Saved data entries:
<<<<

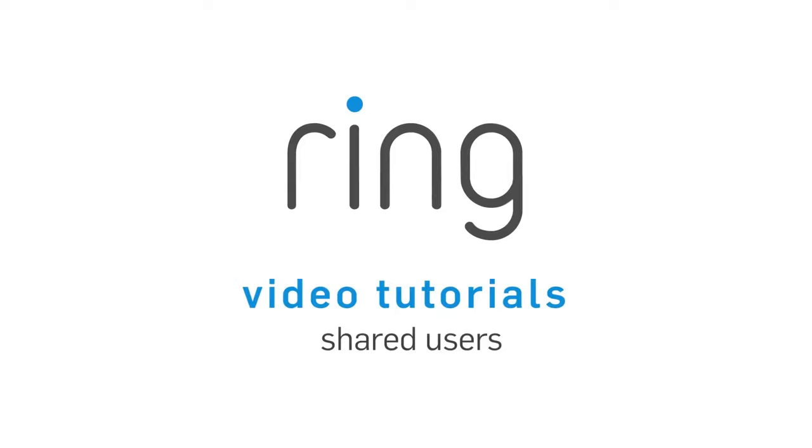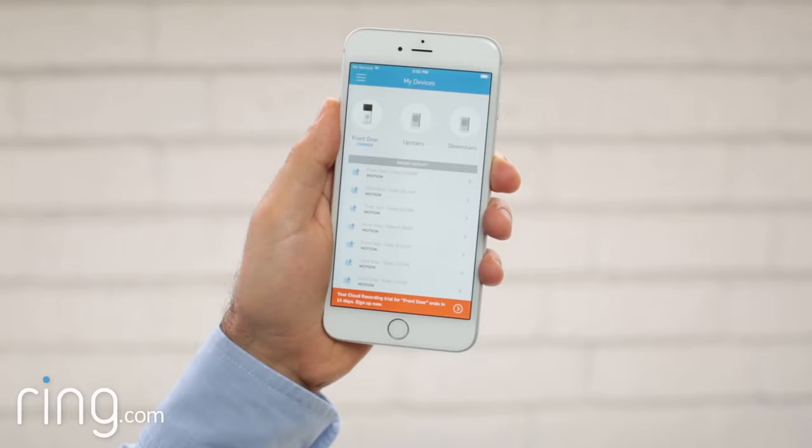Sometimes you'll want to give other people, such as family members, access to your Ring doorbell. Adding shared users with the Ring app is easy.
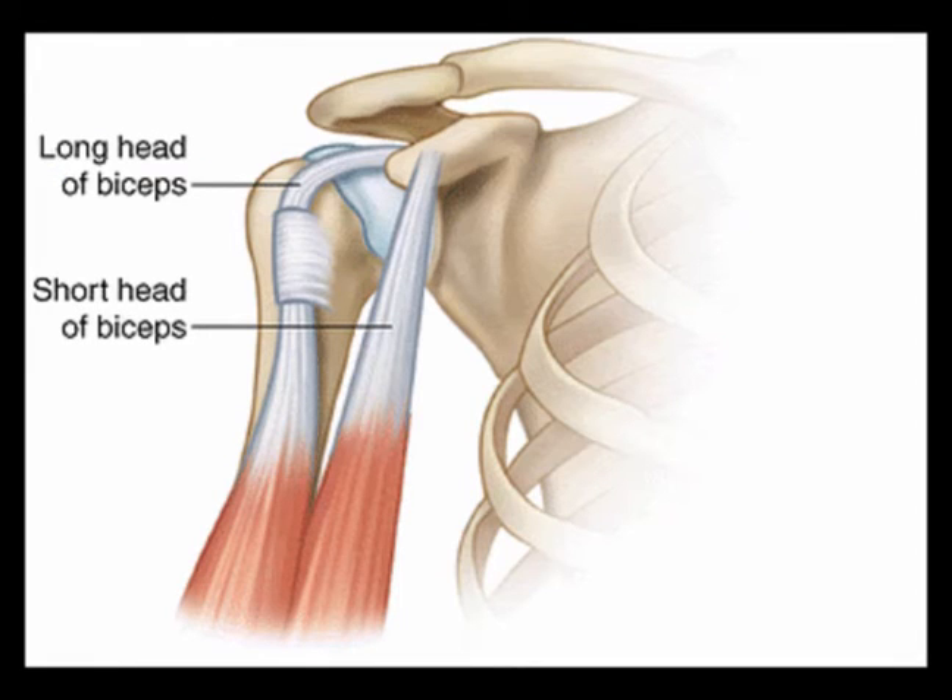The subscapularis has superficial and deep fibers that envelope the groove, creating a roof and floor.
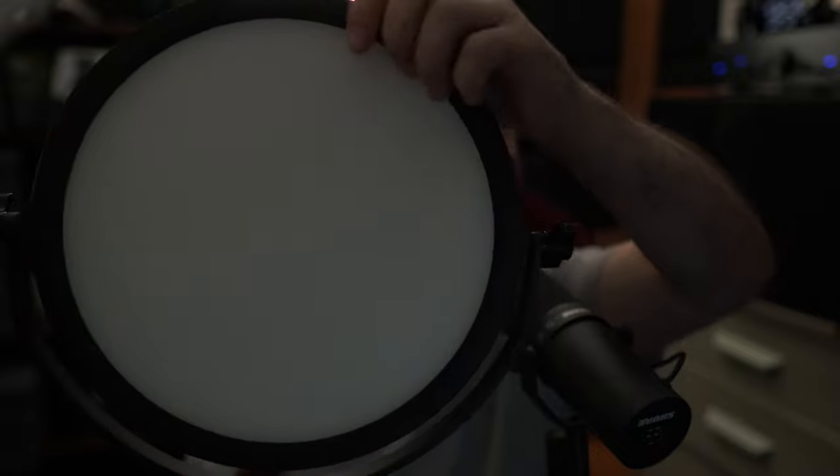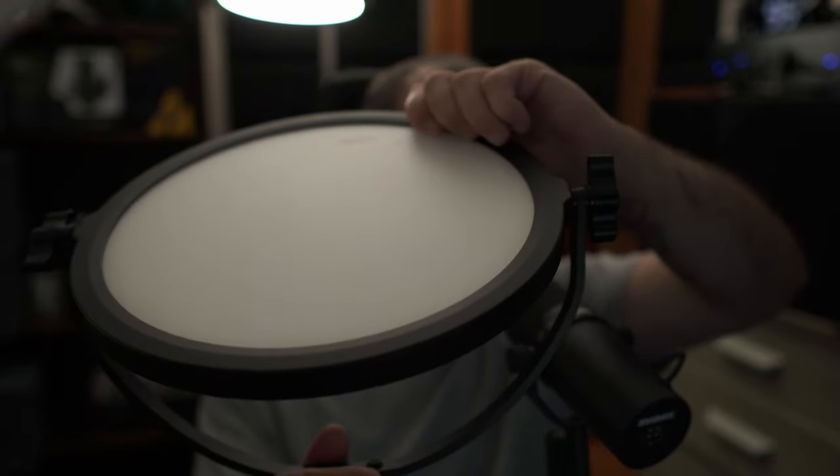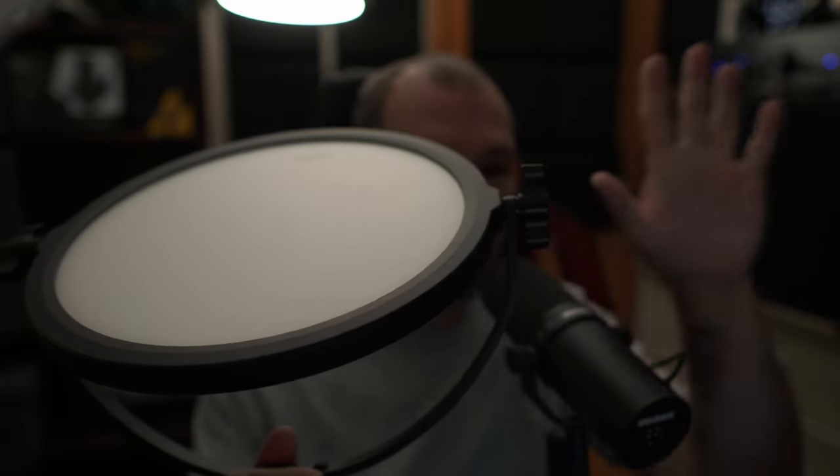That light is putting highlights on the top of my head, the top of my chair, the top of my shoulders, and helping me separate from the background. What we have back there is one flat panel LED light, and it's tilted backwards so the light is bouncing up at the ceiling and coming forward at the same time.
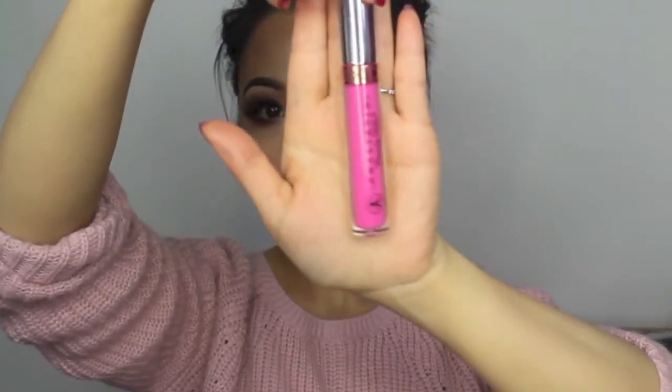To finish up my look, I'm using this really fun neon pink colour, which is Liquid Lips by Anastasia Beverly Hills in the shade Party Pink. So this completes my look, and I hope you guys enjoyed — thank you so much for watching.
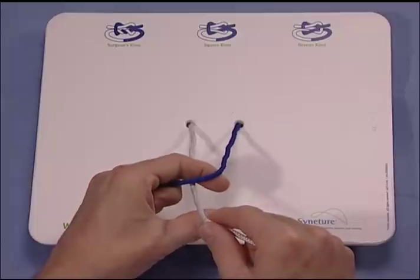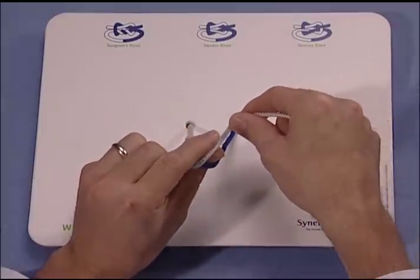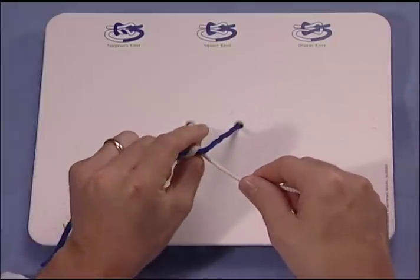However, in this case, instead of bringing the suture through one time, the suture is brought through once, and the thumb is brought back through the loop.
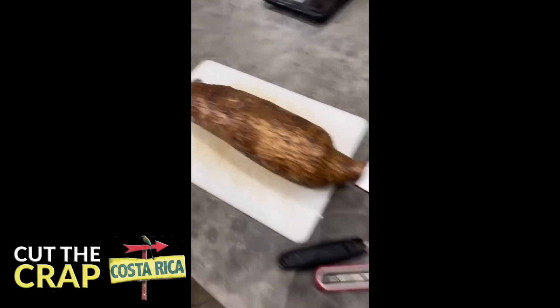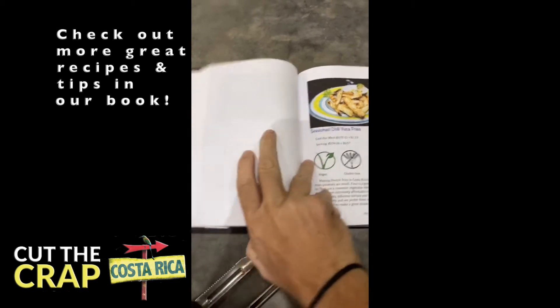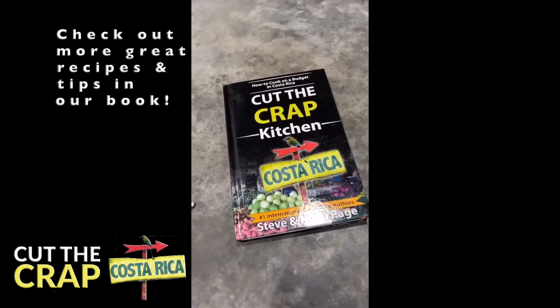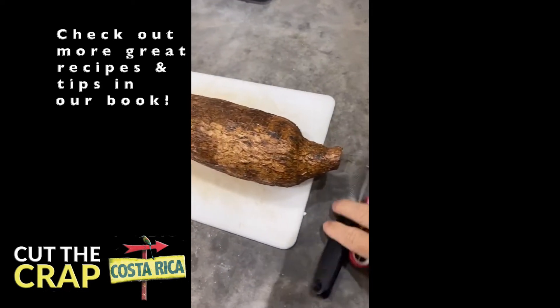Okay, so tonight we're making yucca fries — the seasoned chili yucca fries out of our book, Cut the Crap Kitchen, Cut the Crap Kitchen Costa Rica: How to Cook in Costa Rica on a Budget. And I just wanted to point out a quick tip.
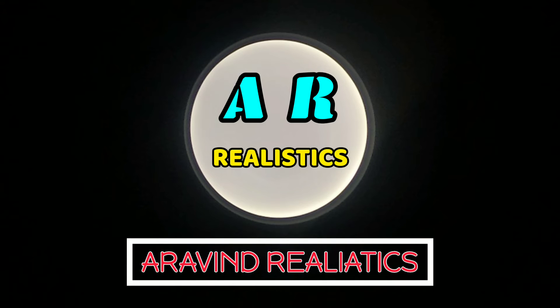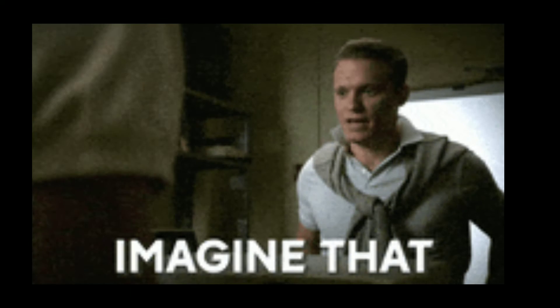Hello guys, welcome to my YouTube channel. Today I am going to talk about the story behind the Dullu Kunita. Grab your headphones and feel free for imagination. So let's move into the story.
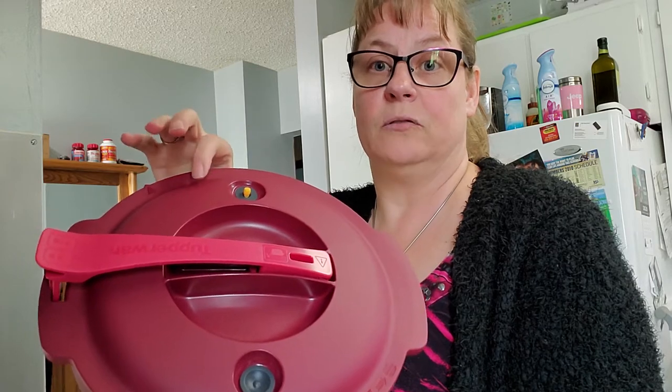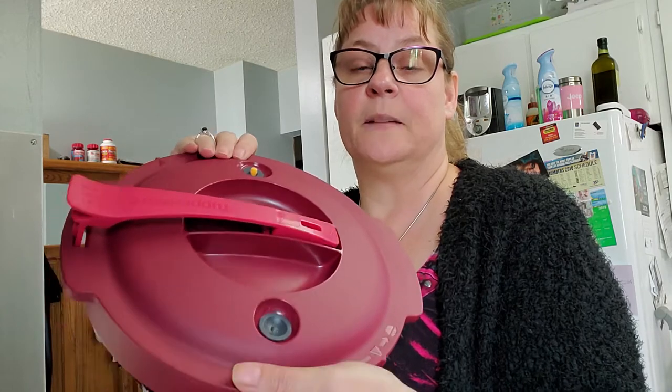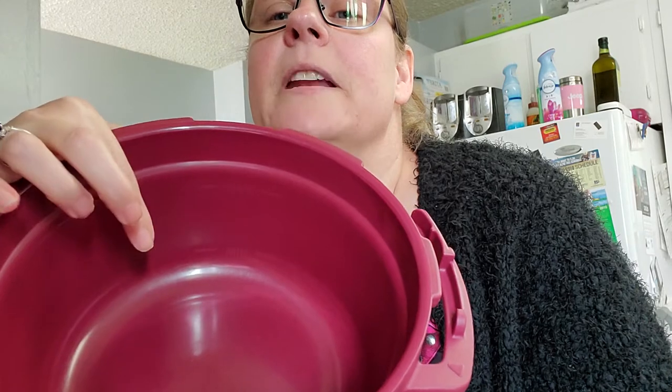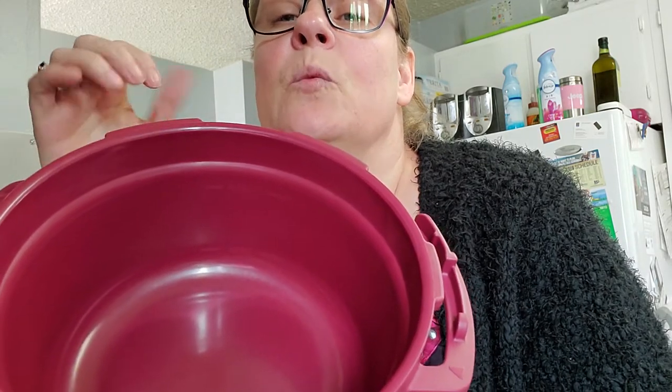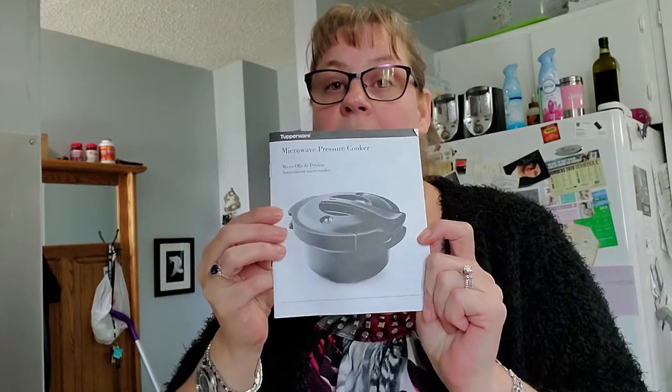When it's not being used, it's in its down position and this is closed — that's where you want it to be. When it comes out of the microwave, it's going to be up and you're going to have to let it sit and let the pressure decrease. When it's down, the pressure's decreased. There is a minimum and a maximum line to it, so you don't want to be below the minimum and you don't want to be above the maximum. When you do order a pressure cooker, of course you get a user manual with it, and I'm here to help you and answer any questions that you may have.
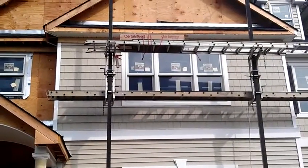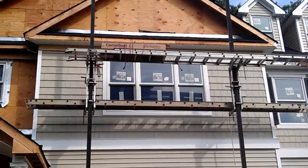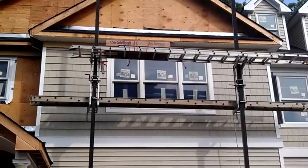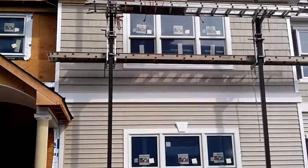Here we have the installation of vinyl cedar stake siding on the top of the second floor of the house. We then put a 10-inch band to separate it from the clapboard vinyl siding.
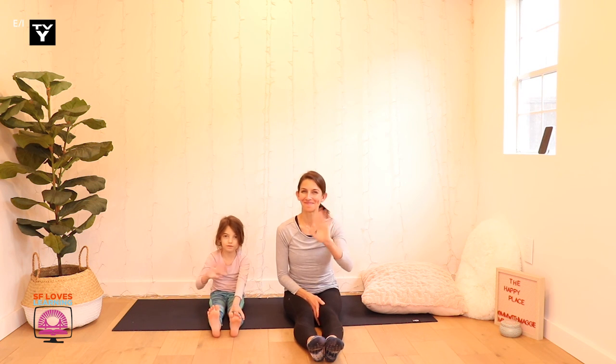One more big breath in... breathe out. Feels kind of good, huh? Sometimes just taking those deep breaths can really help you to feel calm and get you focused and ready to do something else.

>>>>

Brief: What is needed is an exact copy of the entries, without any images.

Problem solution:
Sometimes you'll want to give other people, such as family members, access to your Ring doorbell. Adding shared users with the Ring app is easy.
The subscapularis has superficial and deep fibers that envelope the groove, creating a roof and floor.
That light is putting highlights on the top of my head, the top of my chair, the top of my shoulders, and helping me separate from the background. What we have back there is one flat panel LED light, and it's tilted backwards so the light is bouncing up at the ceiling and coming forward at the same time.
To finish up my look, I'm using this really fun neon pink colour, which is Liquid Lips by Anastasia Beverly Hills in the shade Party Pink. So this completes my look, and I hope you guys enjoyed — thank you so much for watching.
However, in this case, instead of bringing the suture through one time, the suture is brought through once, and the thumb is brought back through the loop.
Okay, so tonight we're making yucca fries — the seasoned chili yucca fries out of our book, Cut the Crap Kitchen, Cut the Crap Kitchen Costa Rica: How to Cook in Costa Rica on a Budget. And I just wanted to point out a quick tip.
Hello guys, welcome to my YouTube channel. Today I am going to talk about the story behind the Dullu Kunita. Grab your headphones and feel free for imagination. So let's move into the story.
When it's not being used, it's in its down position and this is closed — that's where you want it to be. When it comes out of the microwave, it's going to be up and you're going to have to let it sit and let the pressure decrease. When it's down, the pressure's decreased. There is a minimum and a maximum line to it, so you don't want to be below the minimum and you don't want to be above the maximum. When you do order a pressure cooker, of course you get a user manual with it, and I'm here to help you and answer any questions that you may have.
Here we have the installation of vinyl cedar stake siding on the top of the second floor of the house. We then put a 10-inch band to separate it from the clapboard vinyl siding.
One more big breath in... breathe out. Feels kind of good, huh? Sometimes just taking those deep breaths can really help you to feel calm and get you focused and ready to do something else.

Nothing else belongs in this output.